TASK TO CARRY OUT:
All lines from the opening of the entries below through the line containing "TORRID Midfit Bermuda" must be output exactly as they appear, with no other lines.

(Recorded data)
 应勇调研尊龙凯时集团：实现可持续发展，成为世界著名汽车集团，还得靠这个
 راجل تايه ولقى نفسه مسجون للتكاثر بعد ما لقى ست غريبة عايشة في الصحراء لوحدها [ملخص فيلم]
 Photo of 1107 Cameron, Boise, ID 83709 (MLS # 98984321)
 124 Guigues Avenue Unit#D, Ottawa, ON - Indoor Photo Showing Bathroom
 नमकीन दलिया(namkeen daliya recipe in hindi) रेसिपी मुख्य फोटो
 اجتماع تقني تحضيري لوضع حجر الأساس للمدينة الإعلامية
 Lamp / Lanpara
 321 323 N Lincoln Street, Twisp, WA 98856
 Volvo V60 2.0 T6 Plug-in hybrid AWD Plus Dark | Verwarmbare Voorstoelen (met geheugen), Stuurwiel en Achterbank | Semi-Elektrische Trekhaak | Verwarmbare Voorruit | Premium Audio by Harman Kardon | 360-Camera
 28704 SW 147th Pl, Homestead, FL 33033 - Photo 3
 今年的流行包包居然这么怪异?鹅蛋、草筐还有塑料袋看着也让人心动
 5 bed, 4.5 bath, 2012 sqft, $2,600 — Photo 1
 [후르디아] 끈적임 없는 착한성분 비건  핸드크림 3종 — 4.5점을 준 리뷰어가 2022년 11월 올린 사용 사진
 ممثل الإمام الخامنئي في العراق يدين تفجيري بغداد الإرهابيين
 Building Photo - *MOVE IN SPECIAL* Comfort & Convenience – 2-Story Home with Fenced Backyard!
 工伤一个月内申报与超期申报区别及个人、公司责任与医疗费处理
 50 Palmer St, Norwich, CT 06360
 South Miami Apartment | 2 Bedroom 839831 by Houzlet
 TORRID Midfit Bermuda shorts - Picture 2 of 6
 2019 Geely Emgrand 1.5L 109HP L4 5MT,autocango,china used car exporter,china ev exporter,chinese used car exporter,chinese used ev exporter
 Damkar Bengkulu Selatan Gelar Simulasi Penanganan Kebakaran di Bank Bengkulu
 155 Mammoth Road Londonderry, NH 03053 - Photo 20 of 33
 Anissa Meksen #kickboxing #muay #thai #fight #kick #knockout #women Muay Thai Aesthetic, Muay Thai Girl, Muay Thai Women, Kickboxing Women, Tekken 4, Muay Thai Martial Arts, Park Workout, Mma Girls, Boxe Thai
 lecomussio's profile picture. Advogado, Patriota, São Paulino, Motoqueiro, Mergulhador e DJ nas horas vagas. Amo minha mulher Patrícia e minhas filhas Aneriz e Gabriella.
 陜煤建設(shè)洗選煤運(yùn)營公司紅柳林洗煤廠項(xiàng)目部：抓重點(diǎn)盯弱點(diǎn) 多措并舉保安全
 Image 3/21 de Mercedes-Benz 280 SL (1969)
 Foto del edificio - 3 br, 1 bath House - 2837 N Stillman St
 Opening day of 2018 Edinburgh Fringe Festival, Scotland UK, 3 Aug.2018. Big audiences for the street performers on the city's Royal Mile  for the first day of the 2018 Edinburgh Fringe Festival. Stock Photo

EXERCISE RESPONSE:
 应勇调研尊龙凯时集团：实现可持续发展，成为世界著名汽车集团，还得靠这个
 راجل تايه ولقى نفسه مسجون للتكاثر بعد ما لقى ست غريبة عايشة في الصحراء لوحدها [ملخص فيلم]
 Photo of 1107 Cameron, Boise, ID 83709 (MLS # 98984321)
 124 Guigues Avenue Unit#D, Ottawa, ON - Indoor Photo Showing Bathroom
 नमकीन दलिया(namkeen daliya recipe in hindi) रेसिपी मुख्य फोटो
 اجتماع تقني تحضيري لوضع حجر الأساس للمدينة الإعلامية
 Lamp / Lanpara
 321 323 N Lincoln Street, Twisp, WA 98856
 Volvo V60 2.0 T6 Plug-in hybrid AWD Plus Dark | Verwarmbare Voorstoelen (met geheugen), Stuurwiel en Achterbank | Semi-Elektrische Trekhaak | Verwarmbare Voorruit | Premium Audio by Harman Kardon | 360-Camera
 28704 SW 147th Pl, Homestead, FL 33033 - Photo 3
 今年的流行包包居然这么怪异?鹅蛋、草筐还有塑料袋看着也让人心动
 5 bed, 4.5 bath, 2012 sqft, $2,600 — Photo 1
 [후르디아] 끈적임 없는 착한성분 비건  핸드크림 3종 — 4.5점을 준 리뷰어가 2022년 11월 올린 사용 사진
 ممثل الإمام الخامنئي في العراق يدين تفجيري بغداد الإرهابيين
 Building Photo - *MOVE IN SPECIAL* Comfort & Convenience – 2-Story Home with Fenced Backyard!
 工伤一个月内申报与超期申报区别及个人、公司责任与医疗费处理
 50 Palmer St, Norwich, CT 06360
 South Miami Apartment | 2 Bedroom 839831 by Houzlet
 TORRID Midfit Bermuda shorts - Picture 2 of 6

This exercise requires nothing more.